Yo miraba a la señora Danvers, que, agenda en mano, volvía una a una las hojas, cuando dejó escapar una exclamación.
—Aquí hay algo… Entre los números de teléfono dice: «Baker, 0488». Pero no dice qué central.
—¡Magnífico, Danny! —dijo Favell—. Con los años te estás convirtiendo en un detective formidable. Es una lástima que llegues tarde por doce meses. Eso lo podías haber hecho hace un año.
—Desde luego, éste es el número del teléfono —dijo el coronel—. 0488, y el nombre de Baker. ¿Por qué no pondría también la central?
—¡No importa! ¡Pruébelas todas! —dijo Favell irónicamente—. Tardará toda la noche, da lo mismo. A Max no le importa tener que pagar una cuenta de teléfono de cien libras, ¿verdad, Max? La cuestión es ganar tiempo; lo mismo haría yo si me encontrara en tu pellejo.
—Al lado del número hay un garabato —dijo el coronel—; pero puede tomarse por cualquier cosa. Mire, señora Danvers; ¿cree usted que puede ser una «M»?
La señora Danvers volvió a coger la agenda.
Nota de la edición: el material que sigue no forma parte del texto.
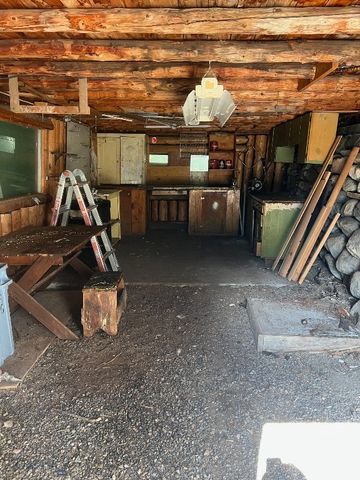 124 Deep Creek Road, Livingston, MT 59047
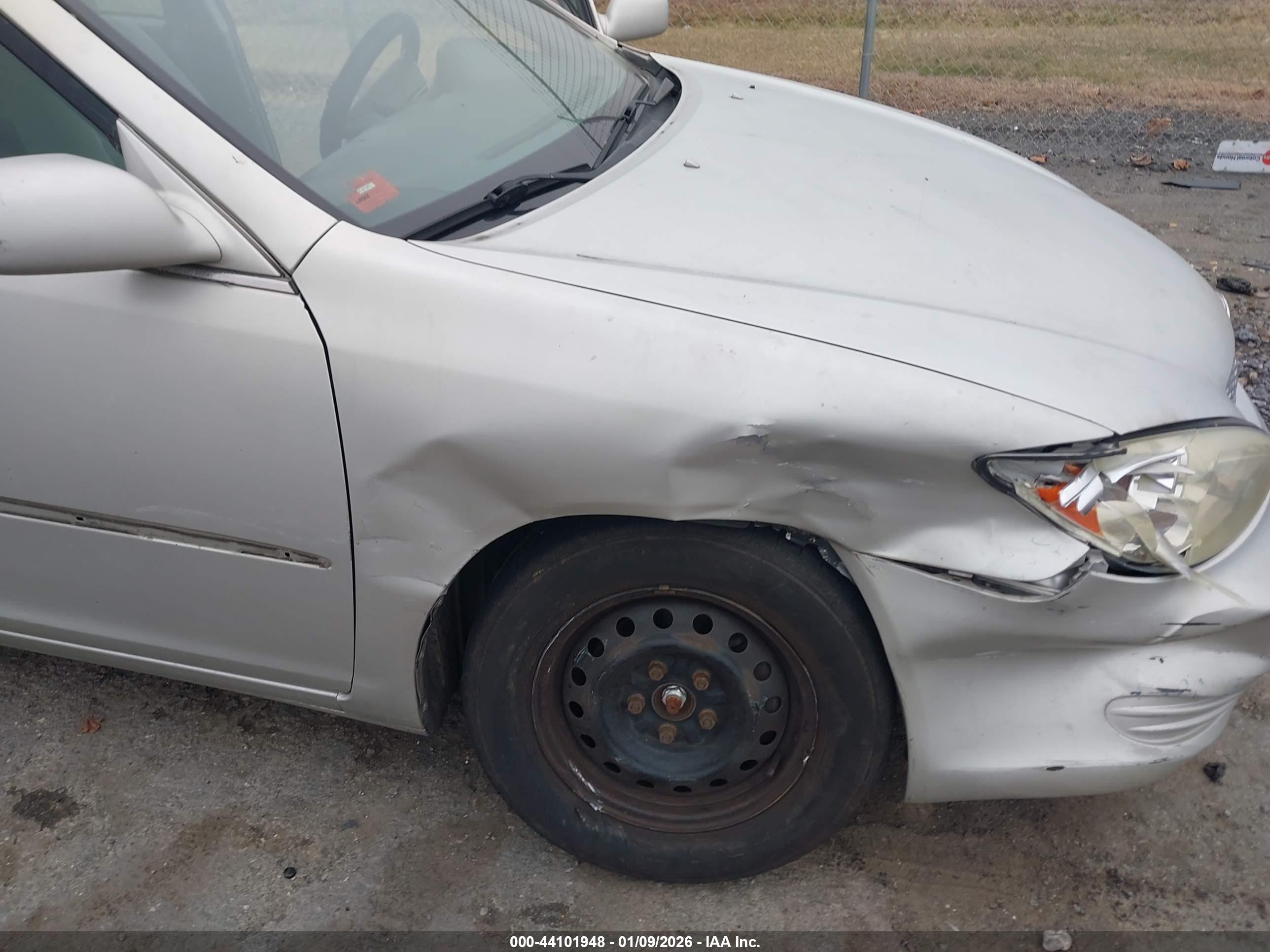 TOYOTA CAMRY image 6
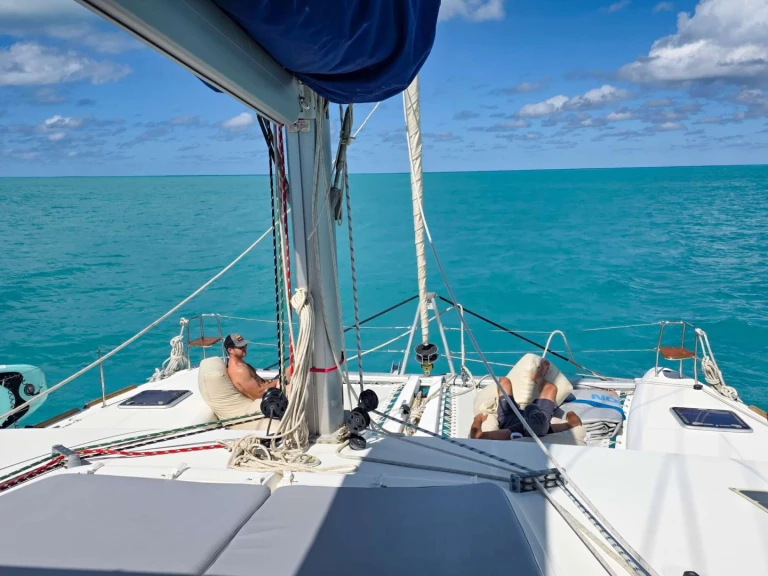 Pronájem jachty v Tortola -Lagoon NEON MOON na Samboatu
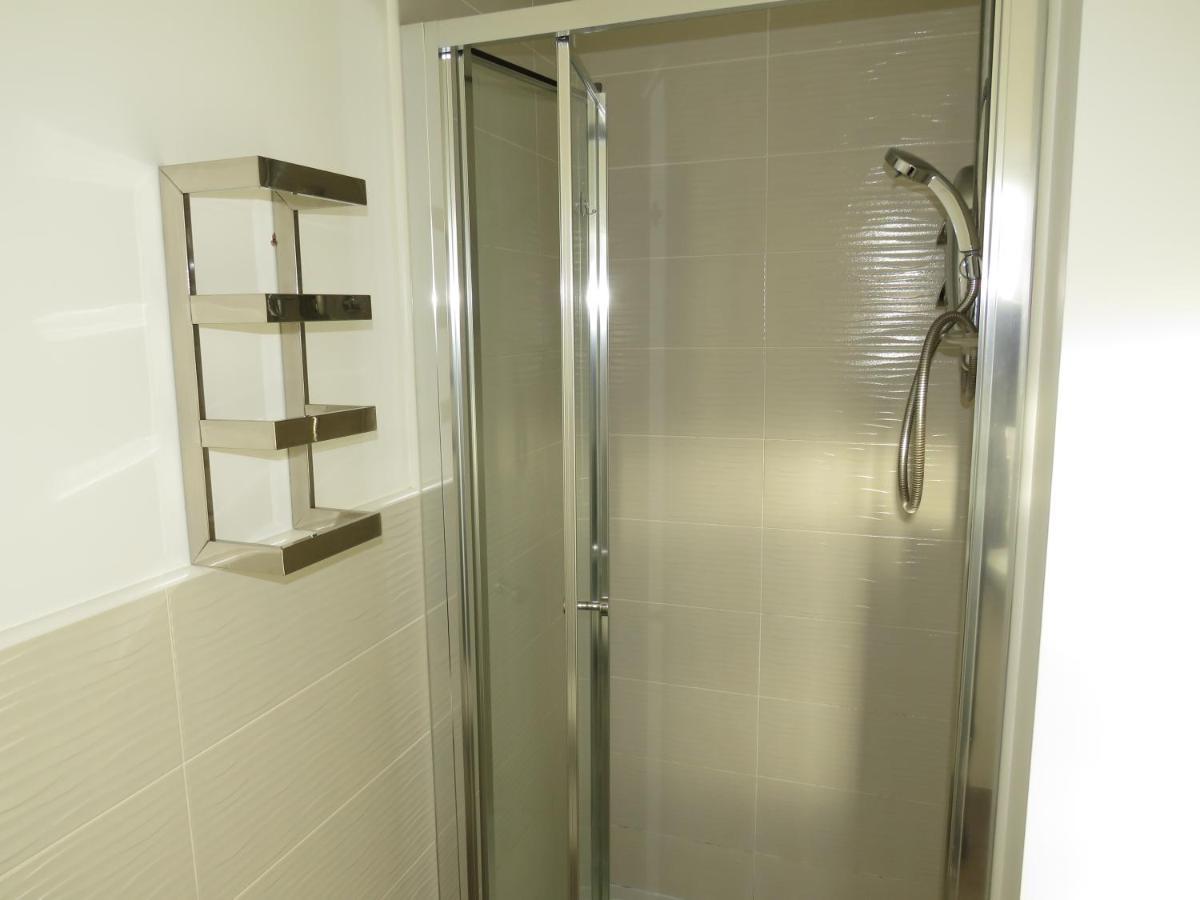 St Martins House: Convenient Near Nec And Airport Apartment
—Podría ser una «M» —dijo poco segura—; pero no parece su letra. Acaso si lo hubiera hecho con mucha prisa… Sí pudiera ser una «M».
—Mayfair 0488 —dijo Favell—. ¡Qué portentoso genio el mío!
—¡Está bien! —dijo Maxim, encendiendo el primer cigarrillo—. Vamos a probar. Anda, Frank, pide conferencia con Mayfair 0488.
Sentí que el dolor me subía hasta el corazón. Me quedé muy quieta apretándome el costado con una mano. Maxim no me miró.
—Anda, hombre, Frank, ¿qué esperas? —insistió Maxim.
Pasó Frank al cuartito de al lado. Estuvimos esperando mientras pedía la comunicación. A los pocos momentos volvió.
—Dicen que me llamarán.
El coronel puso las manos a la espalda y empezó a pasear por la habitación. Estuvimos un rato en silencio, hasta que, transcurridos unos cuatro minutos, rompió el silencio la llamada aguda e insistente del teléfono, con esa persistencia irritante y monótona que anuncia una conferencia telefónica. Fue Frank a contestar.
—¿Es el 0488 de Mayfair…? ¿Puede decirme si vive ahí alguien llamado Baker? Está bien. Bueno, perdón. Sí, seguramente me han dado un número equivocado. Muchas gracias.